Skip to main content

Profiting from Recession, Payday Lenders Spend Big to Fight Regulation - Keith Epstein

Full Story

Excerpts:

Joe Baca weakens regulation of Payday Lending Industry
 
Rep. Luis Gutierrez (D-Ill.), chairman of the subcommittee with authority over consumer credit issues, had once advocated extending to all Americans an effective ban on payday lending for military personnel that Congress passed in 2006. By last year he had scaled back, urging an amendment that would have limited to six the number of loans a borrower could receive in a year.
Gutierrez’ less-restrictive amendment died when Democrats including Rep. Alcee Hastings (D-Fla.), threatened to vote against the entire consumer protection act if the payday provision was included. It also faced opposition from Rep. Joe Baca (D-Calif.), who countered Gutierrez with an amendment the industry regarded as favorable because it had the potential to open payday lending to new markets. Baca said in a statement last year that while "fly by night lenders" should be banned, he wanted to “ensure that students, blue collar workers, teachers, police officers and others have access to legitimate payday advance loans if needed."

All of the lawmakers – as well as many of their colleagues on the House Financial Services Committee – have received campaign contributions from the industry, its executives, employees and lobbyists. Since 2006, Gutierrez has received $38,550, Baca $16,250 and Hastings $13,500. Almost all of Baca’s contributions were reported during the last half of 2009, as the financial reform bill took shape. Chairman Frank has received $12,300 from the industry’s political action committees since 2006, and last year even Speier received some donations from the payday industry’s PACs: $3,500.
Gutierrez, Baca and Hastings declined requests to be interviewed for this story.

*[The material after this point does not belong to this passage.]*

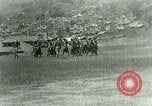 Image Bontoc forer dans les troupes Philippines Bontoc Philippines, 1915, de la seconde 18 séquences d'archives historiques vidéo 65675078045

Kevin Kimble, Co-Founder & Director of Policy Development
 Another slide, from a presentation by Kevin B. Kimble, a vice president of Cash America, the nation’s largest supplier of pawn loans, and William Sellery Jr., a top FiSCA lobbyist, warned: “Payday lending now in play.” They characterized the industry’s strategic response as an “aggressive, multi-pronged defense” of payday lending, including not just traditional means of influence but creation of organizations such a “Coalition for Financial Choice” to counter the image of payday lenders as debt traps. The group’s Web site,www.coalitionforfinancialchoice.org, describes financial services as a “fundamental right” and urges supporters to refer to themselves as “pro consumer choice.”